[RECORDS SHOWN]:
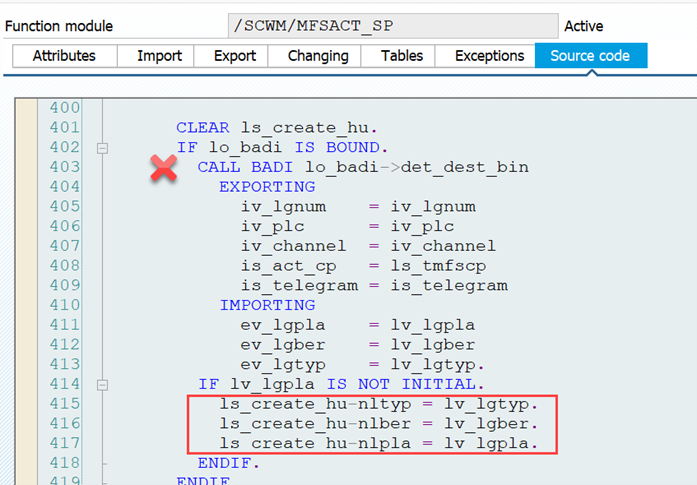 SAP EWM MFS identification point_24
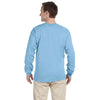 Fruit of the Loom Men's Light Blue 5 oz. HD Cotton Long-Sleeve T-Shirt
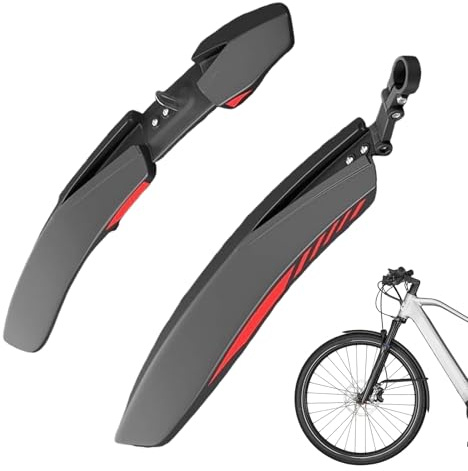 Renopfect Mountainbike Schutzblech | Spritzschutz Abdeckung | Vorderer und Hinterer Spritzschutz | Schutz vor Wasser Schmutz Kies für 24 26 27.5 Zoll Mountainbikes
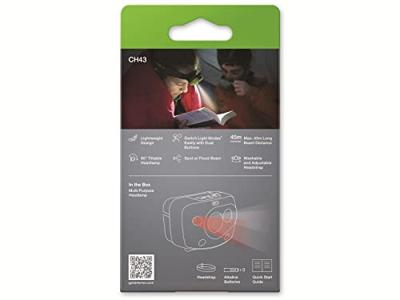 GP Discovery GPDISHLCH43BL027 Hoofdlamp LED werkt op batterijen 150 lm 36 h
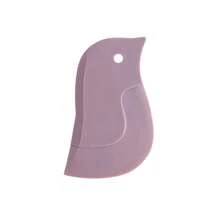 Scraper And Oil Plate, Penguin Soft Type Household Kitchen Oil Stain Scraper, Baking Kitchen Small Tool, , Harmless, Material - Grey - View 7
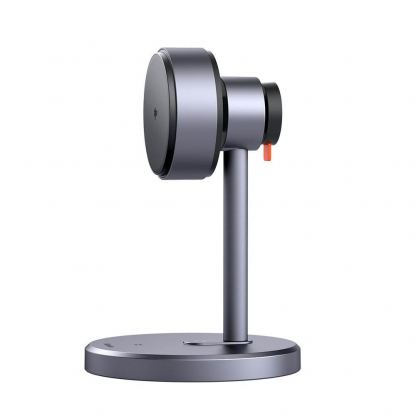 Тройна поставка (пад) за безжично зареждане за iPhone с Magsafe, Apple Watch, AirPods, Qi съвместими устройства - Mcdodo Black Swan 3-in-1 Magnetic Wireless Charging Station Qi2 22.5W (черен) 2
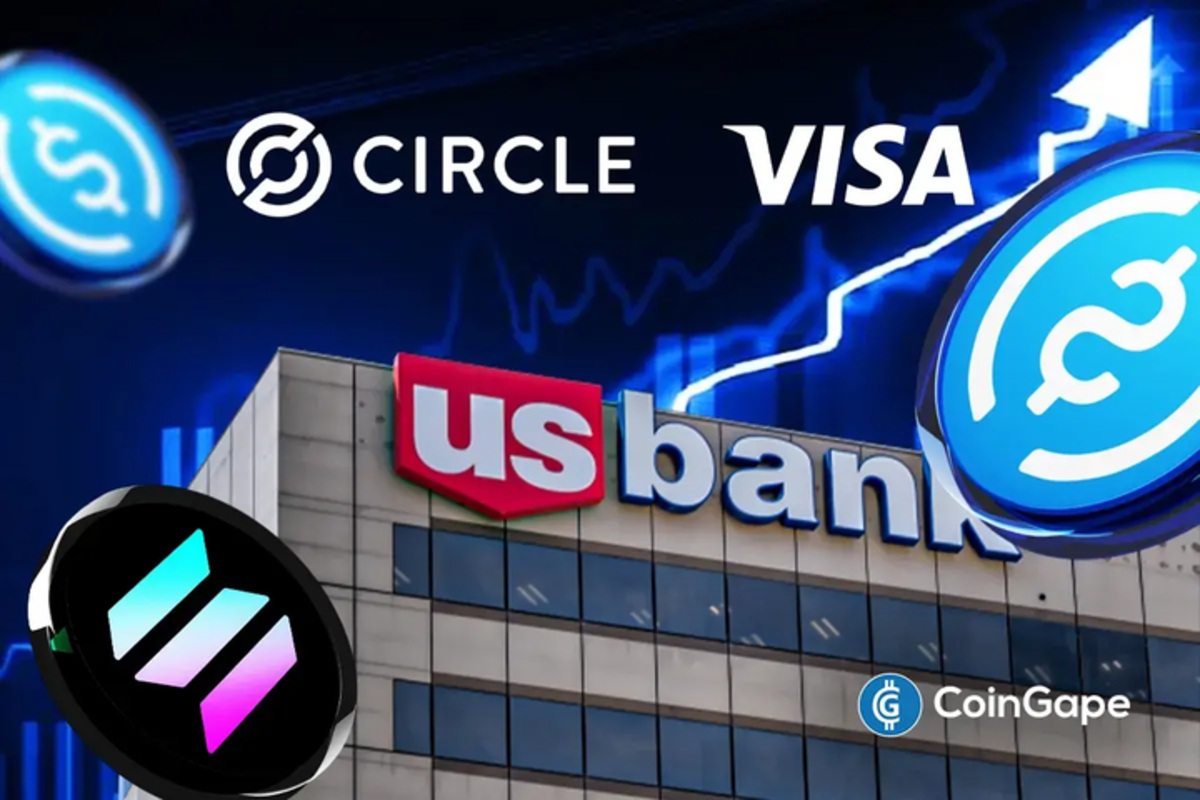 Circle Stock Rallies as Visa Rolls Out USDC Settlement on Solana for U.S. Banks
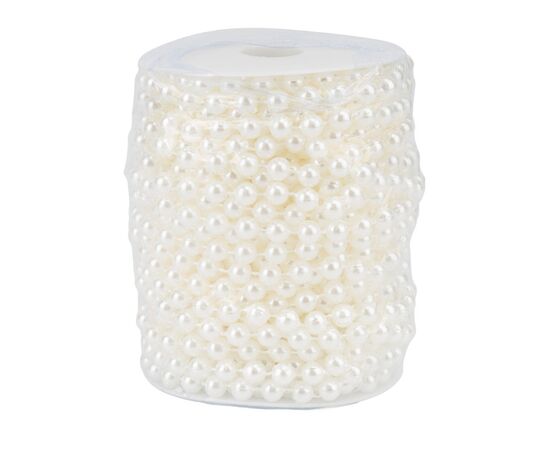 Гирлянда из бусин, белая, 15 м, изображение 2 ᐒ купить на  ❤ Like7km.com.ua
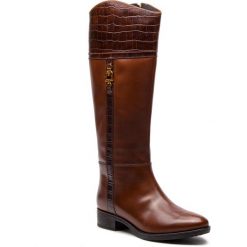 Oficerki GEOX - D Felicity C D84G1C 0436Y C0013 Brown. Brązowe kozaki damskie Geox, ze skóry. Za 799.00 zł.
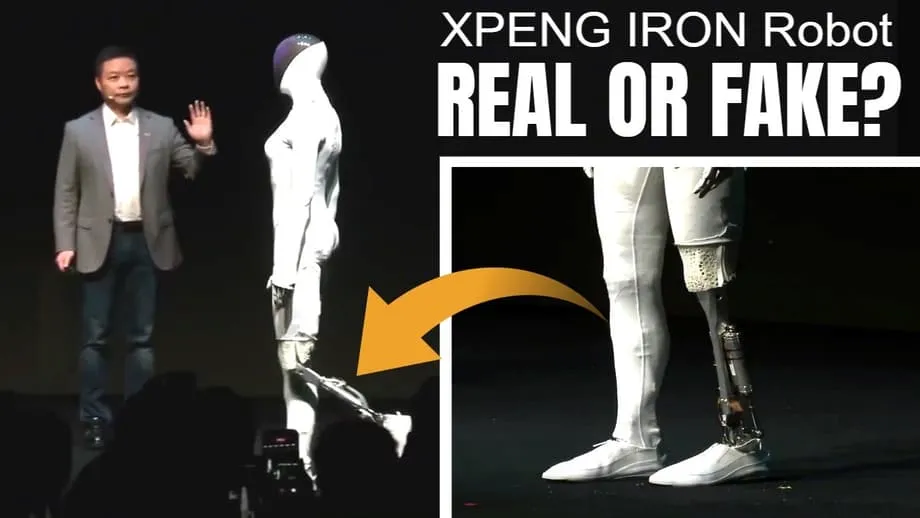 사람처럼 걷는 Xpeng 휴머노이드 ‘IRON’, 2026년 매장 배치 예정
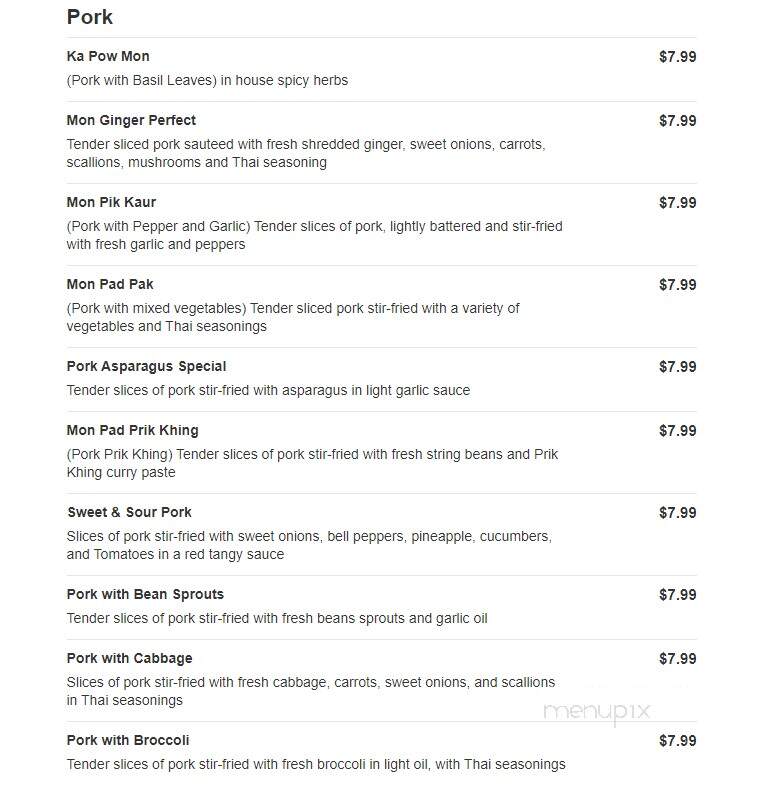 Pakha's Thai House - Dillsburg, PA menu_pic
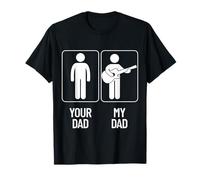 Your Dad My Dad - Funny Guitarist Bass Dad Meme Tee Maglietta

[WORK TO BE COMPLETED]: Copy out the lines above from the line containing "Renopfect Mountainbike Schutzblech" through the line containing "GP Discovery GPDISHLCH43BL027", exactly, and keep the pictures out.

[TASK OUTPUT]:
 Renopfect Mountainbike Schutzblech | Spritzschutz Abdeckung | Vorderer und Hinterer Spritzschutz | Schutz vor Wasser Schmutz Kies für 24 26 27.5 Zoll Mountainbikes
 GP Discovery GPDISHLCH43BL027 Hoofdlamp LED werkt op batterijen 150 lm 36 h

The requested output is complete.